▶ [DIRECTIONS FOR THIS TASK]: Please transcribe the data below exactly. Leave the pictures out.

▶ [INFORMATION PROVIDED]:
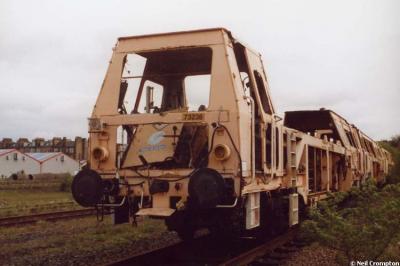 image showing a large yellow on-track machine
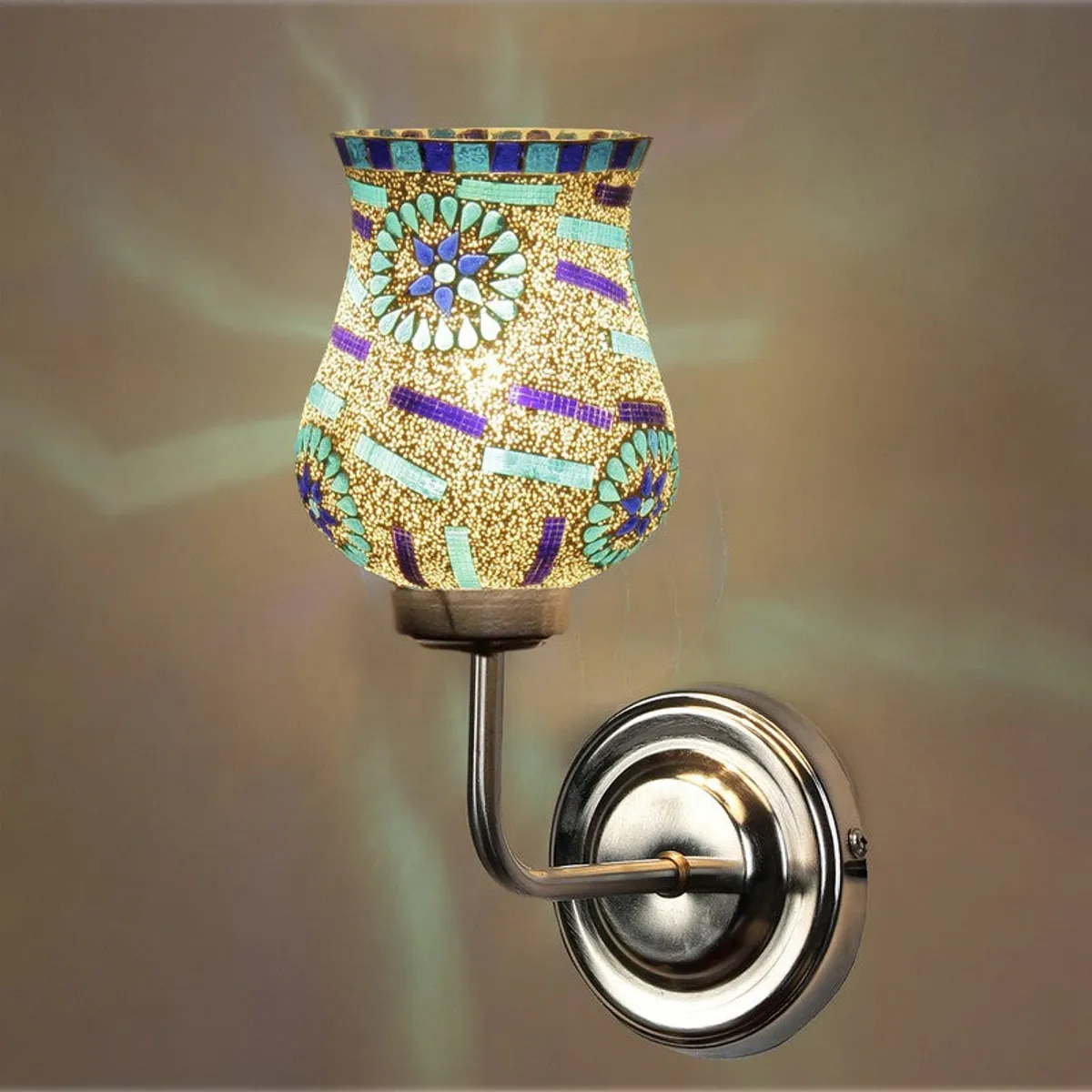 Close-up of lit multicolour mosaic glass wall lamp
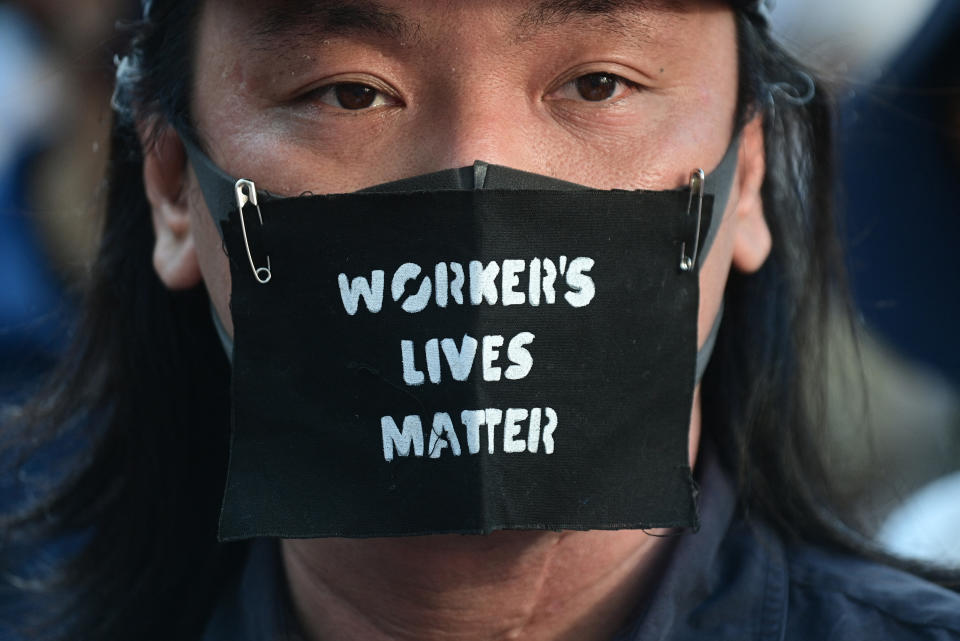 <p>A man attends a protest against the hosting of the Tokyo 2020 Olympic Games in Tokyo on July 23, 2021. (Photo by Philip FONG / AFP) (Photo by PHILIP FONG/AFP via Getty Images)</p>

▶ [WRITTEN REPLY]:
 image showing a large yellow on-track machine
 Close-up of lit multicolour mosaic glass wall lamp
 <p>A man attends a protest against the hosting of the Tokyo 2020 Olympic Games in Tokyo on July 23, 2021. (Photo by Philip FONG / AFP) (Photo by PHILIP FONG/AFP via Getty Images)</p>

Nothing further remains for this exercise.